Teaching Young People to Practice Acts of Kindness
Being kind to other people and yourself is important for being a good friend and being happy. Modeling kindness, reflecting on kind actions, and practicing acts of kindness can help children develop this skill. This article includes strategies for helping children learn to be kind to other people and to themselves.
1. Be a Role Model – When adults say unkind things about other people or themselves, children learn this is acceptable behavior. Be a role model and say kind things about co-workers, neighbours, people in the community, and yourself.
2. Use Lists – Have children write lists or make collages representing what they like about their friends, family members, and people in the school. Hang the lists or art projects where classmates and friends can see them. Have a separate activity where children make a parallel list or art project that includes things they do well and why they are a good person.
3. Read and Write Stories – Read stories about kindness and respect in school and at home. Discuss how being kind makes the characters feel. Ask children to share times when they were kind and times when people were nice to them. Also encourage children to write stories about being kind to other people.
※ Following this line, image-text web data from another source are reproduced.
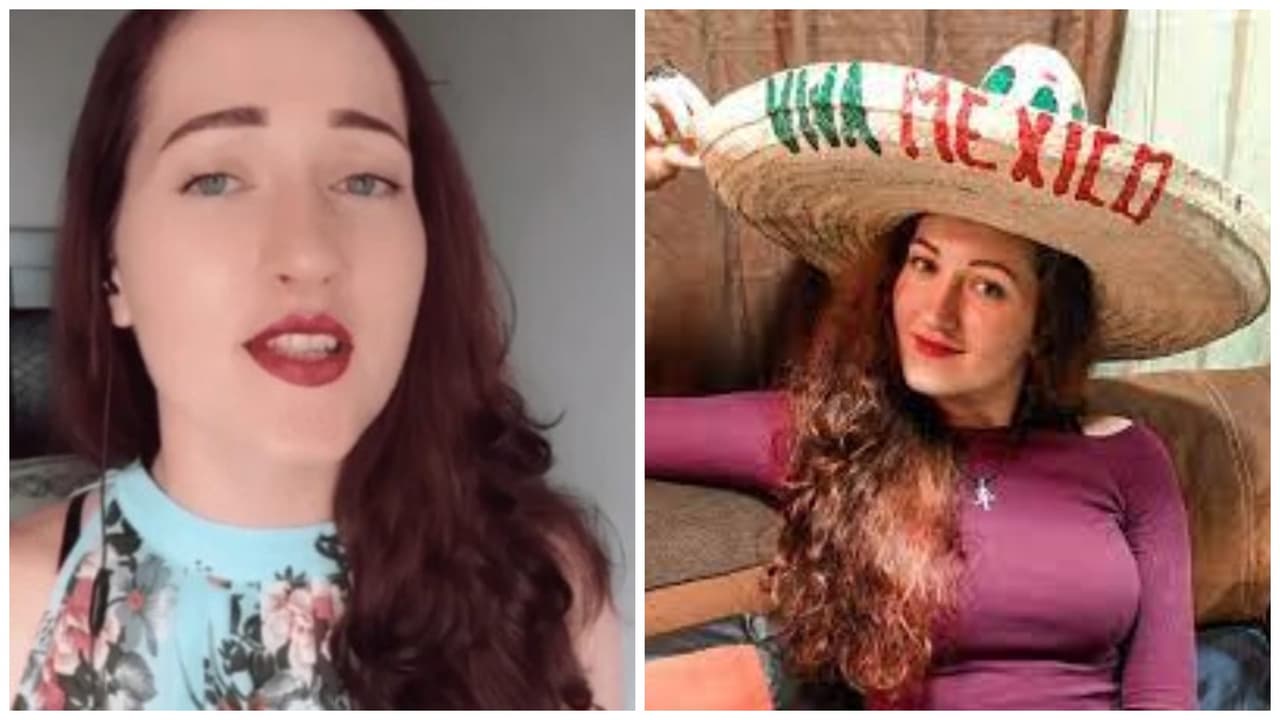 Europea conquista TikTok al cantar en ruso éxitos mexicanos: Las de 'Juanga' suenan increíble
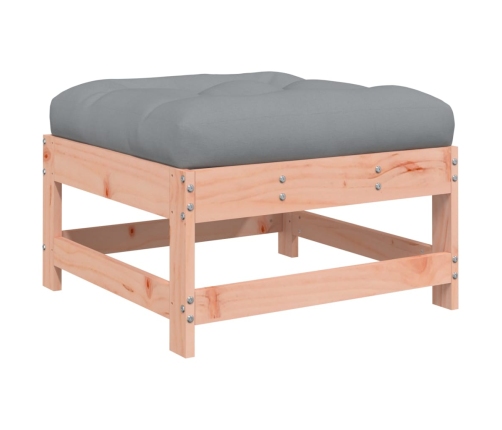 vidaXL dārza soliņi ar matračiem, 2 gab., Duglasa egles masīvkoks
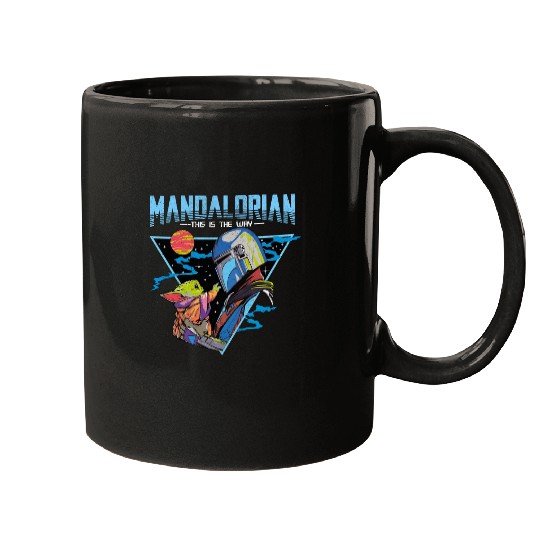 New Collection Star Wars Mandalorian Mugs, Disneyland, Disney Trip Mugs, Star Wars Mugs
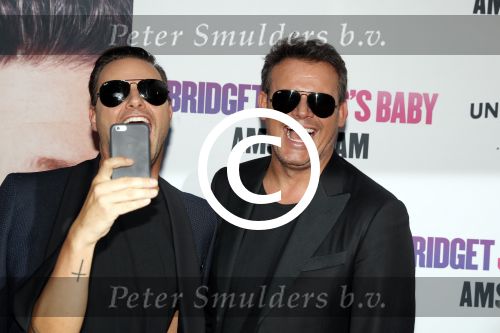 Amsterdam 13 september 2016
Premiere Bridget Jones baby in Tuschinski. Fred v Leer en Leco v Zadelhoff
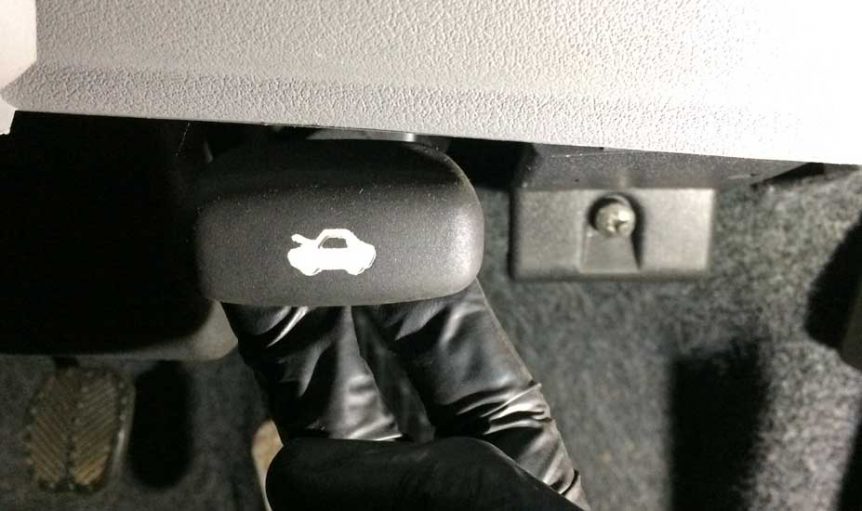 Hood Won't Pop (Mechanic's Hack) - Rustyautos.com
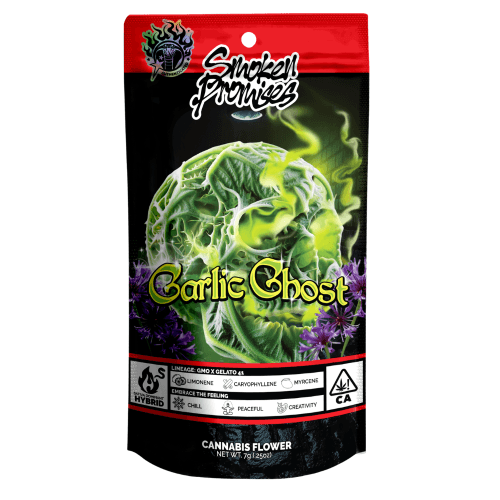 Garlic Ghost Quarter Ounce
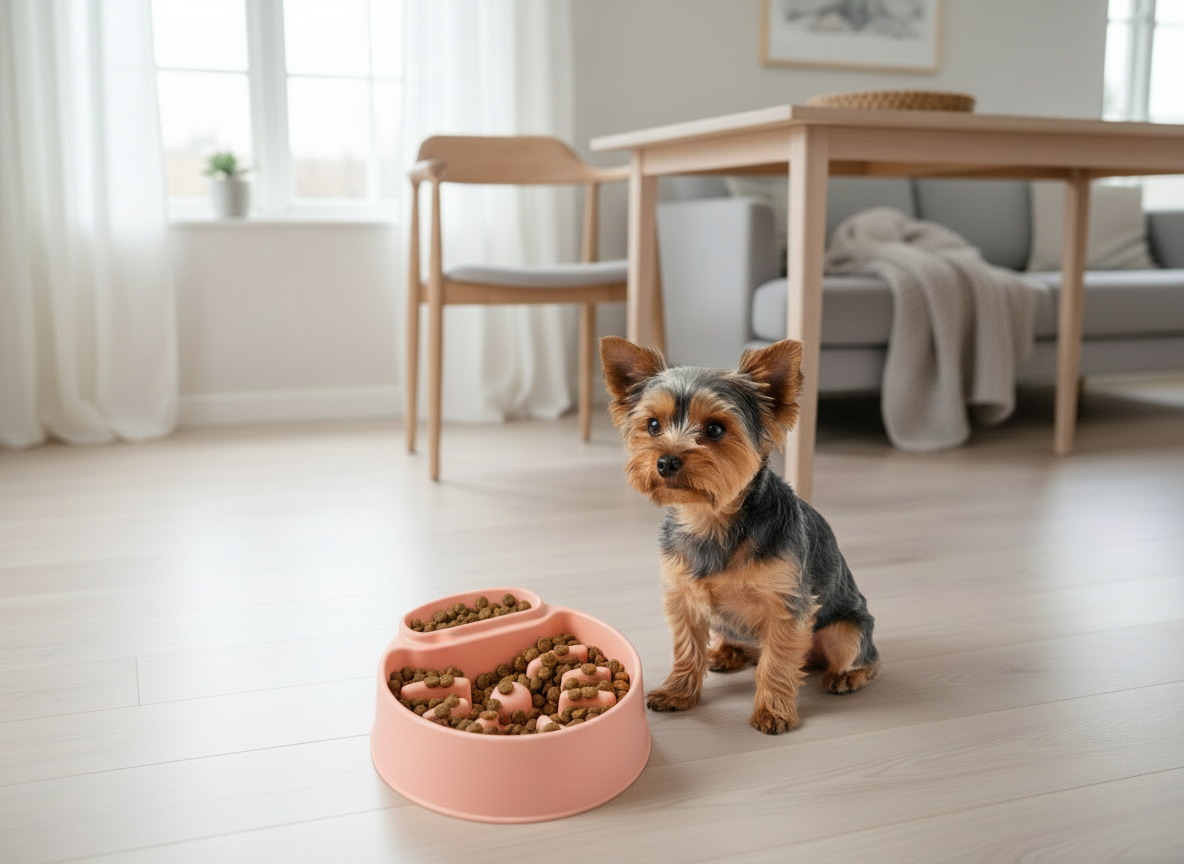 Anti-Tumble Slow Feeder Bowl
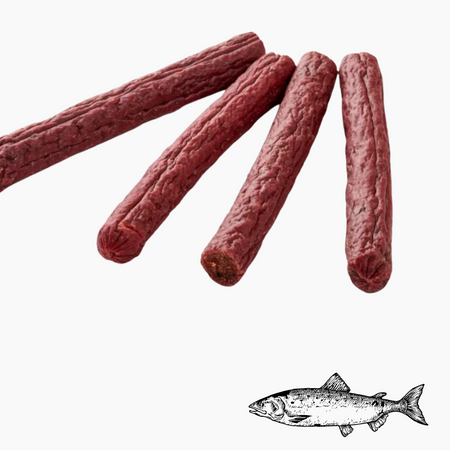 Cigare au saumon - mastication courte & gourmande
4. Practice and Discuss Small Acts of Kindness – In addition to having children write and say things that are kind, have them practice little acts of kindness. Teach children to help other people in day to day situations such as when someone needs help carrying an item, they can’t reach something, or they drop an item. Create a set of pictures or make short stories with opportunities for small acts of kindness. Encourage children to role play what they would do to be helpful in these situations.
5. Learning to Do Kind Things for Yourself – encourage children to write or create a collage about things they like to do or activities that make them feel good about themselves. Discuss how taking time to participate in these activities can make them feel better and decrease stress.
6. Pick a Cause or Charity – A long term investment in a volunteer or charity activity teaches children that even a small amount of time and energy makes a big difference. First create a list of volunteer opportunities then let the class or family select an activity to join. Whether it is collecting food for a food bank, donating toys, or cleaning up a community area, these activities demonstrate how working collaboratively with other people can make a big difference. Discuss or have children keep a journal about the experience. Ask them to include how they felt and how they think the people benefitting from their time and effort felt.